I am scheduled to interview the musician Matthew Ryan for his upcoming album Matthew Ryan vs. the Silver State. We agreed to meet at the Corner Pub in Nashville, which is located next door to the shop of famous country music clothing tailor Manuel.I am scheduled to interview the musician Matthew Ryan for his upcoming album Matthew Ryan vs. the Silver State. We agreed to meet at the Corner Pub in Nashville, which is located next door to the shop of famous country music clothing tailor Manuel.
I show up early and take a seat in the back of the pub. It’s still two-for-one drinks, so I knock back a couple of local Yazoo beers. Ryan’s publicist calls; he is running late. The pub continues to get louder and smokier. I guess people do go out the day after St. Paddy’s day. I am worried that it is going to be difficult to tape the interview in the current location.
Eventually, I see Ryan roaming around the pub, and I flag him to my table. We shake hands.

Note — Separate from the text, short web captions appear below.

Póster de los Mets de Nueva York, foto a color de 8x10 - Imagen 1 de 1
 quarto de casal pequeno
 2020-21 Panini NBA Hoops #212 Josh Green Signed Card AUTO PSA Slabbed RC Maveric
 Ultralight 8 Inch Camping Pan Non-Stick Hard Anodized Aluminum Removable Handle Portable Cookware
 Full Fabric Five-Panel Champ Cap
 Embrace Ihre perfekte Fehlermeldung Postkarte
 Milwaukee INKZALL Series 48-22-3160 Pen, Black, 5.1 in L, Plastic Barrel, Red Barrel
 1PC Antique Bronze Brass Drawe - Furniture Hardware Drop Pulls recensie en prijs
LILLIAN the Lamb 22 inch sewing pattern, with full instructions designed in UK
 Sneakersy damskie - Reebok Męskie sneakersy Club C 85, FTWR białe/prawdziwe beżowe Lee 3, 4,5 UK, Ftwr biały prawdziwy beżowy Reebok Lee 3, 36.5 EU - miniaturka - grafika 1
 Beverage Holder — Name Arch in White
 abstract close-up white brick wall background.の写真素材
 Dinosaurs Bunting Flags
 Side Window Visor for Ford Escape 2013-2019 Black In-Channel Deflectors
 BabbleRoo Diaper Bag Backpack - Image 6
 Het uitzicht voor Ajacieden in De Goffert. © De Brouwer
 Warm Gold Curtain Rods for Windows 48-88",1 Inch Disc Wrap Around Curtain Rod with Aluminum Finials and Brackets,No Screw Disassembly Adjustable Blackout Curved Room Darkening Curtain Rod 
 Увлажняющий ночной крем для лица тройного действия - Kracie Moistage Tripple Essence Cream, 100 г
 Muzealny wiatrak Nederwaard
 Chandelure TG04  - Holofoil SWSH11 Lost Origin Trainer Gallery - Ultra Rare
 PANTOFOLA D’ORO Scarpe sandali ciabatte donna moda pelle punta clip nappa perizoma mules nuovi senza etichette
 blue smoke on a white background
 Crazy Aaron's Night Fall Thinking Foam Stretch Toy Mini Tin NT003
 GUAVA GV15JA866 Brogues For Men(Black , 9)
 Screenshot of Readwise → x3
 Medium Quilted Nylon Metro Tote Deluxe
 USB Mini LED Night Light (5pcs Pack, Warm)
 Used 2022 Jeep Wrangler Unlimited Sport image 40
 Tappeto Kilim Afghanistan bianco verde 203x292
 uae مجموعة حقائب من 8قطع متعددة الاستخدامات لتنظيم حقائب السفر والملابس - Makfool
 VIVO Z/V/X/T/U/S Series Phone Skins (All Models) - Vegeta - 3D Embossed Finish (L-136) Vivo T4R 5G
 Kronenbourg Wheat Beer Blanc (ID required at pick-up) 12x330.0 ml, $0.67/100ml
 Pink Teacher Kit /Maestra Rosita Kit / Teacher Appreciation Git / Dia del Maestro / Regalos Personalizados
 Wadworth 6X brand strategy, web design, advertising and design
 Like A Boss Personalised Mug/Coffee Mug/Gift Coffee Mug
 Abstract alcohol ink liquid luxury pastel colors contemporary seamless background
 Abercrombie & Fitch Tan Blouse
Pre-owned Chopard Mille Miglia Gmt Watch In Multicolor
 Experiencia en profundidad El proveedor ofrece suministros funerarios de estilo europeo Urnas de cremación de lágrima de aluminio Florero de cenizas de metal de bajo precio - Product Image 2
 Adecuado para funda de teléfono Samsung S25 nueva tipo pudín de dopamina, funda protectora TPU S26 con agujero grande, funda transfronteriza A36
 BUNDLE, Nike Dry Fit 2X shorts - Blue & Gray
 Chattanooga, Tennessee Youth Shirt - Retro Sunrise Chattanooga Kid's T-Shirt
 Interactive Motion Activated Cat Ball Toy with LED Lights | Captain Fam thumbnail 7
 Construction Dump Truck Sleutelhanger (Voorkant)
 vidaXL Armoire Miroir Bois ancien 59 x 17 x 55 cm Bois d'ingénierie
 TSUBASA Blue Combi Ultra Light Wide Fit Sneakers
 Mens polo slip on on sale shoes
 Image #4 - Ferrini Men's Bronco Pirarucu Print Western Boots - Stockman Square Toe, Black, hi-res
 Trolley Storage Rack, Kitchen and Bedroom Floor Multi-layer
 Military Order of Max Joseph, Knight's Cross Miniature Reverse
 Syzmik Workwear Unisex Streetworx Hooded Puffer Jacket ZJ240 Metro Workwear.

“I think this place is going to be too loud,” I tell him.
“Yep. But finish your beer,” Ryan says in his quiet, graveled voice.
As I take my last few sips, I remind Ryan that we met about a year ago in Charlottesville, Va. He remembers me, and we catch up.
We then head over to Noshville, a popular Nashville deli located a stones throw from the Corner Pub. Ryan recommends getting a booth away from the crowd. He orders a coffee, and I order water.
I tell Ryan that I am a lawyer, and he seems fascinated by the law. He asks if we ever talked about “reason without passion” in law school. I’m not too familiar with the concept, and I realize I would need to think about that that theory before I spoke upon it. We did talk about the American legal system. Notwithstanding all its faults, I tell Ryan that this is the country I would want to be in if I got in trouble.
Ryan is extremely thoughtful and cerebral, although he gets somewhat emotional when talking about the current world.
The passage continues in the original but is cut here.